But it seems to me that in countries that implement a strong censorship, like eg Russia, the justice system, including prison, is a lot more instrumental than reddit censorship which has yet to prove dangerous. The justice system has to establish what is true or false (for example did you and did you not murder X?), and this power on truth is the very basis of polical censorship (remember 1984 Ministry of Truth).
Because the law is well written and only allows you to ban harmless things? That's like death penalty. If you kill criminal, why wouldn't you kill political opponents? The answer is that you can't because it isn't allowed.
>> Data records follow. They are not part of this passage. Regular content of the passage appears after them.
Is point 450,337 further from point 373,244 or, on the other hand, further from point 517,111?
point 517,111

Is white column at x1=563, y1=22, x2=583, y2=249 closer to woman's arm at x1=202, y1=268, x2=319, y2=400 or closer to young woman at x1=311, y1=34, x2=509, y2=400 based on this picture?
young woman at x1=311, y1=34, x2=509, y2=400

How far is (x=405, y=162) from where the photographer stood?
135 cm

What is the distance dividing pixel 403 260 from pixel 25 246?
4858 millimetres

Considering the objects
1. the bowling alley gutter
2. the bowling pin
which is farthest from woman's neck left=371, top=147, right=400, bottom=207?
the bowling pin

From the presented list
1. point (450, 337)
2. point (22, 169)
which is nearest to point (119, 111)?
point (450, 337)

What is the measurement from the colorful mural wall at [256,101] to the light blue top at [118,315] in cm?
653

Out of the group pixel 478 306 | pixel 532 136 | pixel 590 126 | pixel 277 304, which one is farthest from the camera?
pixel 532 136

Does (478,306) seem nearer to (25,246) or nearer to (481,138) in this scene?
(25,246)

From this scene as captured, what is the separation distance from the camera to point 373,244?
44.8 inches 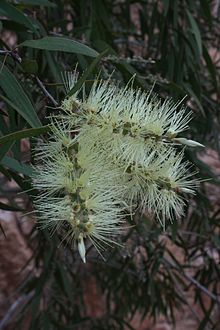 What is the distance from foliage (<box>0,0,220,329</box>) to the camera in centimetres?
104

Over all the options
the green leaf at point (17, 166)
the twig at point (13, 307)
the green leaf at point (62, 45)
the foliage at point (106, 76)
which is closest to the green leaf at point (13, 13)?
the foliage at point (106, 76)

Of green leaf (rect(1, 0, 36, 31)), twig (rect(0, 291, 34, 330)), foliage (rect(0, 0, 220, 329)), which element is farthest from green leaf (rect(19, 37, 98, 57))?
twig (rect(0, 291, 34, 330))

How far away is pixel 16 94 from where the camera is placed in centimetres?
93

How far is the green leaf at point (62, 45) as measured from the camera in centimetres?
94

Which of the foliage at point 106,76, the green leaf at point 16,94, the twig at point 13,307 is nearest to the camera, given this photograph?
the green leaf at point 16,94

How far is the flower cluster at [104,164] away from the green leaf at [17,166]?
116 millimetres

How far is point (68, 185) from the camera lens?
0.78m

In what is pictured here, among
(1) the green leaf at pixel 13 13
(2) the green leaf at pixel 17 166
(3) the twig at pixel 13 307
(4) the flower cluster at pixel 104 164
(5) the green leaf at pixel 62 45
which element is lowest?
(3) the twig at pixel 13 307

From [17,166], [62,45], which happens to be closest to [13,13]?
[62,45]

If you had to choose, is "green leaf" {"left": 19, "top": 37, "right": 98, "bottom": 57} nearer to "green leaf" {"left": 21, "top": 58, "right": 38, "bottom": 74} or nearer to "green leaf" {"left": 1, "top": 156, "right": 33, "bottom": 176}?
"green leaf" {"left": 21, "top": 58, "right": 38, "bottom": 74}

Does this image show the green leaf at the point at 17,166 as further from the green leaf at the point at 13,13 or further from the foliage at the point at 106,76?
the green leaf at the point at 13,13

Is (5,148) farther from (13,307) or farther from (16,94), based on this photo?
(13,307)

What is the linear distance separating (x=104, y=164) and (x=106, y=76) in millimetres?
479

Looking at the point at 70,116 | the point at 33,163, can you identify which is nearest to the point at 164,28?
the point at 33,163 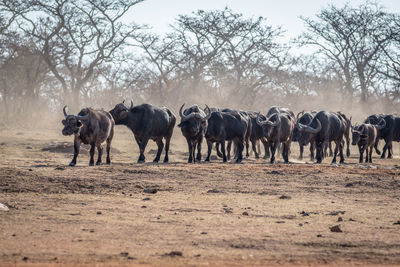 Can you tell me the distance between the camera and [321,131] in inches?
756

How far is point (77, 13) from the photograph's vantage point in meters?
36.9

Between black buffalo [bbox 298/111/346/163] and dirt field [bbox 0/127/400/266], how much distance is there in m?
4.97

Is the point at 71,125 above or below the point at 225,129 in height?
below

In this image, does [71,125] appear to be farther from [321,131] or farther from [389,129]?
[389,129]

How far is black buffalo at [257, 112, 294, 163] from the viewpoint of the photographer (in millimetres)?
18406

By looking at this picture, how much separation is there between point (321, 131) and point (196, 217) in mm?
11728

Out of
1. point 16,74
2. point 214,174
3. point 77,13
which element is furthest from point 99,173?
point 16,74

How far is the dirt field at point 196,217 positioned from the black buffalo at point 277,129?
427cm

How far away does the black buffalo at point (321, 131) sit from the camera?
19016 mm

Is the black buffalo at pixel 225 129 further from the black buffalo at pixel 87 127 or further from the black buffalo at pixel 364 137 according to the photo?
the black buffalo at pixel 364 137

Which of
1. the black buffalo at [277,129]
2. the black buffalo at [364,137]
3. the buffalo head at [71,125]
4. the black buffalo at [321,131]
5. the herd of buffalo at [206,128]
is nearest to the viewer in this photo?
the buffalo head at [71,125]

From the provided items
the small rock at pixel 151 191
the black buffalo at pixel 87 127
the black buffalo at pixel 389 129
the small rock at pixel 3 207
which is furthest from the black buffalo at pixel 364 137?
the small rock at pixel 3 207

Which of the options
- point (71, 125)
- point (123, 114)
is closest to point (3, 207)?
point (71, 125)

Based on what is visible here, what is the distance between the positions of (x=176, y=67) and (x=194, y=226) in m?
36.3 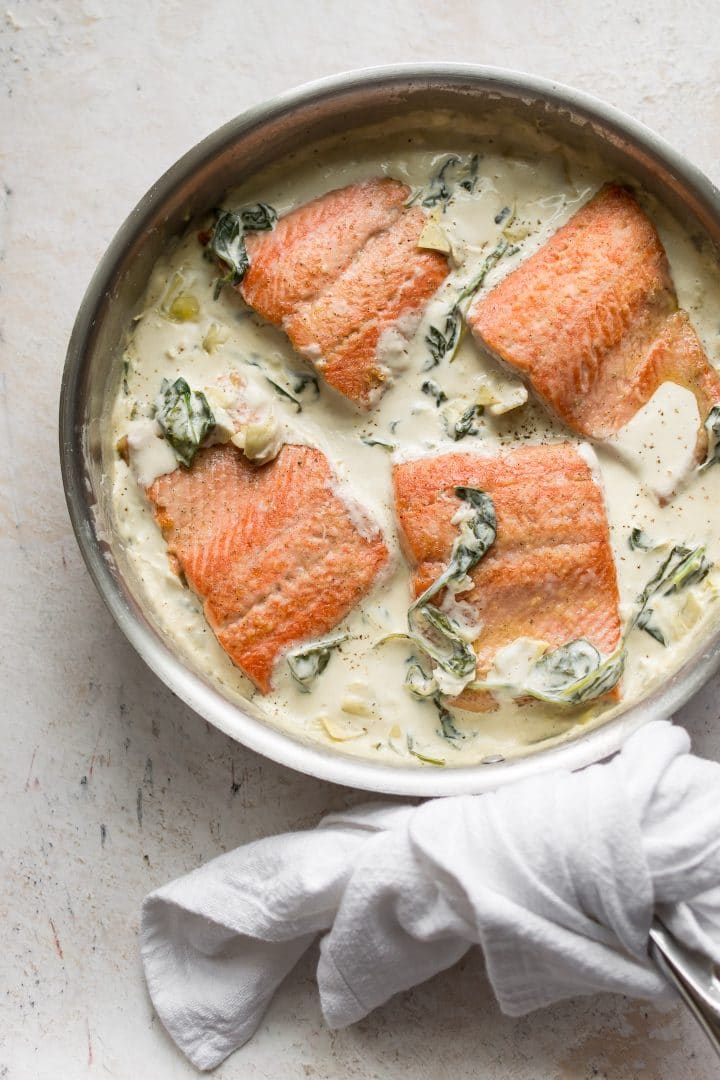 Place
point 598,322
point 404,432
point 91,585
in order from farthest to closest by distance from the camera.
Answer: point 91,585 < point 404,432 < point 598,322

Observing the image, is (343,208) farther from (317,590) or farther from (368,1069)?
(368,1069)

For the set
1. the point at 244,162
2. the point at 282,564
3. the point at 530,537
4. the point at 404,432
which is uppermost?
the point at 244,162

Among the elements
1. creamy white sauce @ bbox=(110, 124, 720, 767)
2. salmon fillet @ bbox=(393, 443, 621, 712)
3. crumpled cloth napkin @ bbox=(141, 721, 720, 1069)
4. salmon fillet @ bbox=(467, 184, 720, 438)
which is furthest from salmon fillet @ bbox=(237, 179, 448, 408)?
crumpled cloth napkin @ bbox=(141, 721, 720, 1069)

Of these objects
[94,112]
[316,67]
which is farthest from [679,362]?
[94,112]

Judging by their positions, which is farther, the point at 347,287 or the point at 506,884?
the point at 347,287

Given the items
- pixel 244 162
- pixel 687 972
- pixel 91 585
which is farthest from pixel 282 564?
pixel 687 972

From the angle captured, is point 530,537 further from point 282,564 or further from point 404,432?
point 282,564

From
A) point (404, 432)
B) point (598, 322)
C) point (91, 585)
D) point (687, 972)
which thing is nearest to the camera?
point (687, 972) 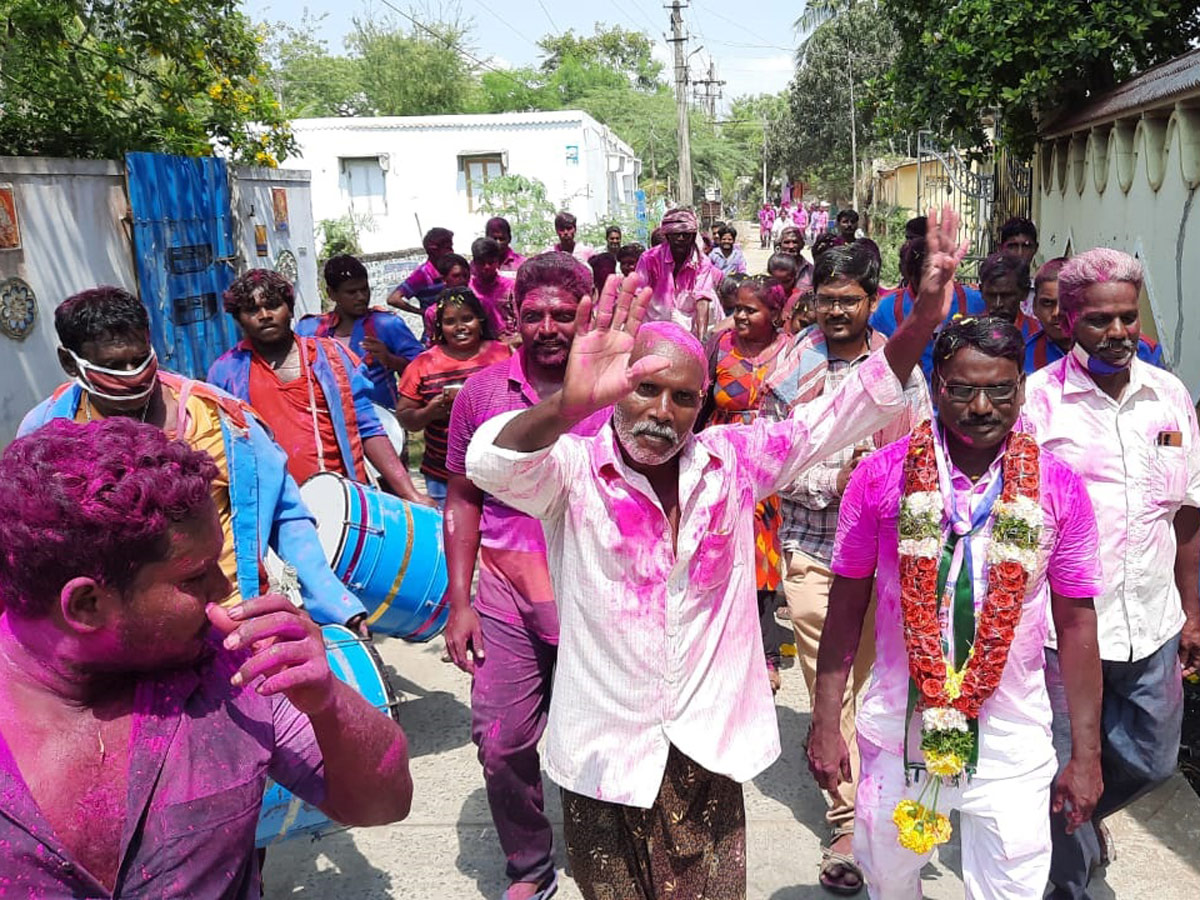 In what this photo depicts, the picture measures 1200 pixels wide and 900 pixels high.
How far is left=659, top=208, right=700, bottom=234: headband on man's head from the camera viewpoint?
25.0 feet

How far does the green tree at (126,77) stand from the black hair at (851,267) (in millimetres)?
6102

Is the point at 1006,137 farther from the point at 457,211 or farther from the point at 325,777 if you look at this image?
the point at 457,211

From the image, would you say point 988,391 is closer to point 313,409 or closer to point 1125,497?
point 1125,497

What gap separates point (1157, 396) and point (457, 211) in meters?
27.3

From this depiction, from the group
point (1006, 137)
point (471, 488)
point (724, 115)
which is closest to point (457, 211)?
point (1006, 137)

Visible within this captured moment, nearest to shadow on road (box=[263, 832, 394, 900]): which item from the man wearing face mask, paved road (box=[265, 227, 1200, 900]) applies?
paved road (box=[265, 227, 1200, 900])

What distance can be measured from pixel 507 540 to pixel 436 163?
27.1 m

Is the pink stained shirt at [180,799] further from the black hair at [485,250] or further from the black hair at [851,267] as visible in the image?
the black hair at [485,250]

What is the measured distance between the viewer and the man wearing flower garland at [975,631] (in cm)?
261

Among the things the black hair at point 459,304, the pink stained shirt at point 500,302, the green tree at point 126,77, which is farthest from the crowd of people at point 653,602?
the green tree at point 126,77

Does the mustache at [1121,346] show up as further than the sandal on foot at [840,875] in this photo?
No

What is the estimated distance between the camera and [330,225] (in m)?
25.3

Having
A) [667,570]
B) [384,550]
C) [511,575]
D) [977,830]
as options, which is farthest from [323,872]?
[977,830]

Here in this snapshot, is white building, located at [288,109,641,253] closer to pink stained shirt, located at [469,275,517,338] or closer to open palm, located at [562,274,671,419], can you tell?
pink stained shirt, located at [469,275,517,338] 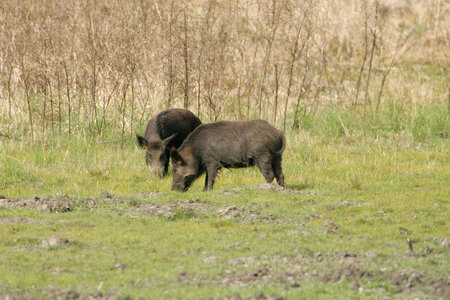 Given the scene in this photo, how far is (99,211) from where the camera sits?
27.9 feet

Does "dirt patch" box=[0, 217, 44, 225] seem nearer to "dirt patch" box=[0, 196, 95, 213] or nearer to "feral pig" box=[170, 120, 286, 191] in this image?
"dirt patch" box=[0, 196, 95, 213]

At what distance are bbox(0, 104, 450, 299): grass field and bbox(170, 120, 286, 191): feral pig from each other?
37 cm

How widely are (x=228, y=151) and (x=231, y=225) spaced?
7.57 feet

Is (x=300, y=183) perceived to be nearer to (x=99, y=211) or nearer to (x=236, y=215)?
(x=236, y=215)

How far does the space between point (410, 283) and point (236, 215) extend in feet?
9.91

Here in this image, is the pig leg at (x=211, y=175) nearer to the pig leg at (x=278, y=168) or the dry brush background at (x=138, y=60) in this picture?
the pig leg at (x=278, y=168)

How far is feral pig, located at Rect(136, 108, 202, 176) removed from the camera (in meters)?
11.3

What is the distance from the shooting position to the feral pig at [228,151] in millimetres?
9969

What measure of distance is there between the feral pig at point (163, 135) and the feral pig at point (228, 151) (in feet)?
2.87

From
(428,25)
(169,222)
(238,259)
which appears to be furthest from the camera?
(428,25)

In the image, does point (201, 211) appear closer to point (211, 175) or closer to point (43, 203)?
point (211, 175)

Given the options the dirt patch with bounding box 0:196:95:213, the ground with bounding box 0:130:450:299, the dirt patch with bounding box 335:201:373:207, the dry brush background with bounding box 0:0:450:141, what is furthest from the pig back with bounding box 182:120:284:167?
the dry brush background with bounding box 0:0:450:141

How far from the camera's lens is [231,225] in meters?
7.98

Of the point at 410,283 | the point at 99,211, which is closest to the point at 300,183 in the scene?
the point at 99,211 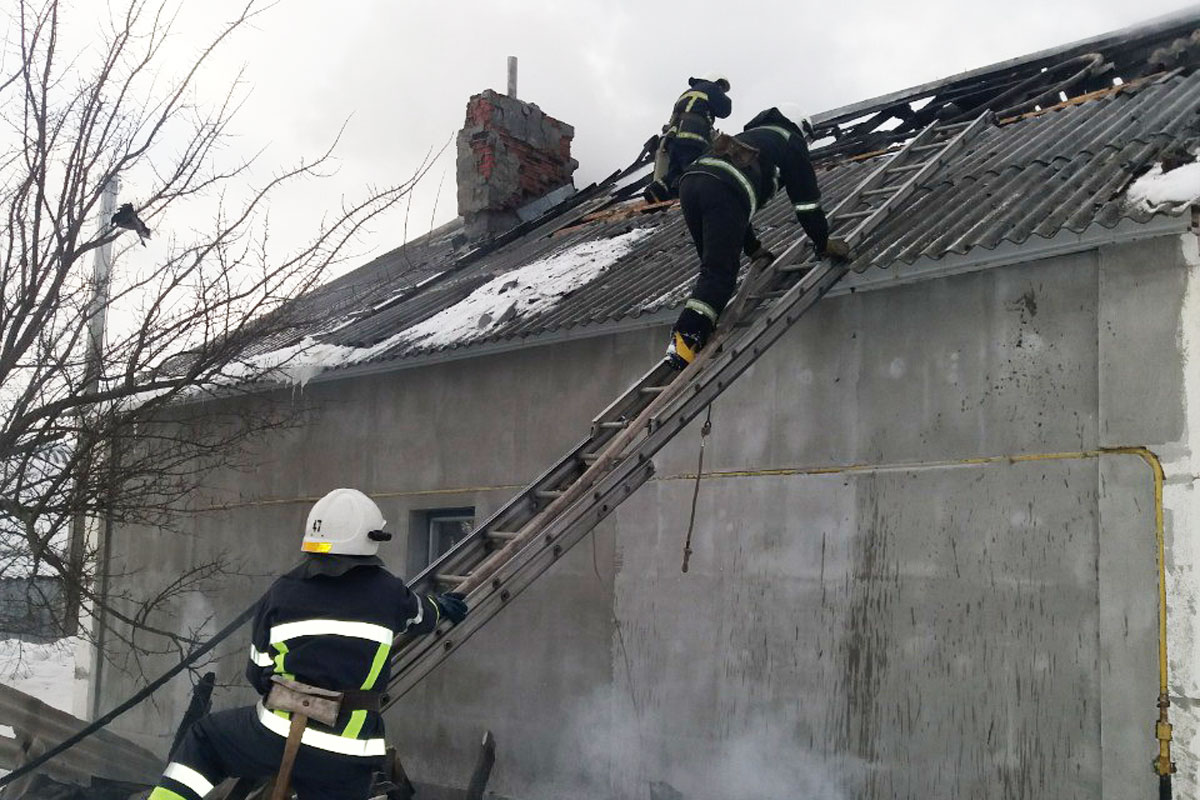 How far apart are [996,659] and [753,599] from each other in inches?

Why is it possible to draw a line for the harmless use of the justice system and not for the harmless use of small censorship?
Just like the justice system has been used for repression a lot. Or the army. Russia used poisoned tea to kill political opponent, so is drinking tea a first step toward political assassination? The only thing that could convince me completely is a proof that the censorship as it exists is already dangerous. There are other restrictions on freedom of speech (eg you cannot publish classified material). Is forbidding the word "nigger" really more dangerous than allowing the government to keep secrets that no one is allowed to tell?
You are right, I claimed more than I intended. I would say that basic word-based reddit censorship, like censoring the word "nigger" or even the so-called (((echo))) has not really harmed the debate, even if it gives place to ridiculous cases like on /r/themotte.
There are other cases where reddit censorship is worse than that, like website-level rules against "transphobia". Those rules are very bad in my opinion, however they are nothing close to the Russian system of censorship. It is still possible to express opinion against transgender identity in most western countries, mainly because people can speak somewhere else.
You do know why we have to post on a separate website, and not the subreddit? Precisely because the slippery slope is real and comments merely explaining meaning atract attention of the AEO.